Shirts + booze foil Microsoft plot

Database myths and legends (Part 4) In the second myths and legends story we related how the knights of the Good King Bill were accused of stealing secrets from Borland at a conference way back in 1992.

In fact, the knights involved turned out to be most courtly and honourable; the accusations demonstrably and provably false. However, another myth surrounds that self-same conference which says that a totally different group of Microsoft employees (in no way connected to the honourable techies above) were indulging in stratagems and subterfuge.
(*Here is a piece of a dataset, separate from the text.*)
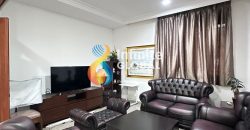 PENTHOUSE Greenview Pondok Indah Semi Furnished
In the end, their actions left Borland founder Philippe Kahn with no alternative other than to deploy the Hawaiian shirt protocol...
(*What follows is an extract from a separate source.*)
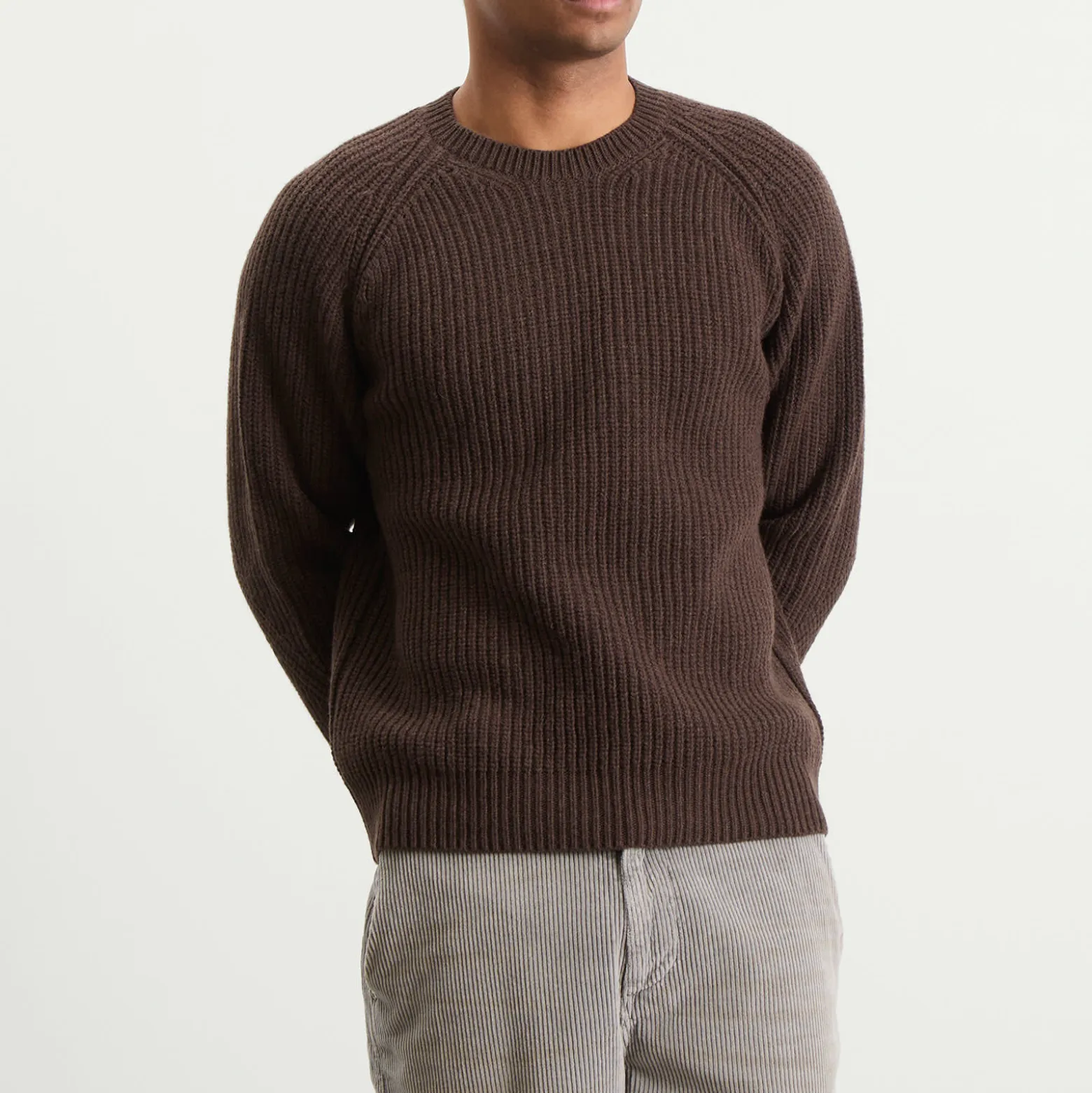 Folk Direction Jumper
Back in 1992 Borland was king of the database market on the PC. It already owned Reflex, Paradox and had just bought its main rival Ashton Tate, which owned dBASE – the best selling database product of its day. Microsoft, in contrast, had no mainstream database product but was interested in (and buying) FoxPro.

So Borland's DevCon in Palm Desert was the database conference of the year. It was held in a hotel and the myth goes as follows:

Some Microsoft employees booked into the same hotel for the same week. They were on a mission. Their target wasn't the conference itself but the speakers. Borland had recruited the cream of the database world (including some FoxPro gurus) to speak at its conference. The Microsofties certainly couldn't stop them speaking at the conference, but they came up with a plan that seemed to guarantee the maximum damage to Borland's prestige and yet was completely legal. They simply invited all the speakers out to dinner on the last night of the conference.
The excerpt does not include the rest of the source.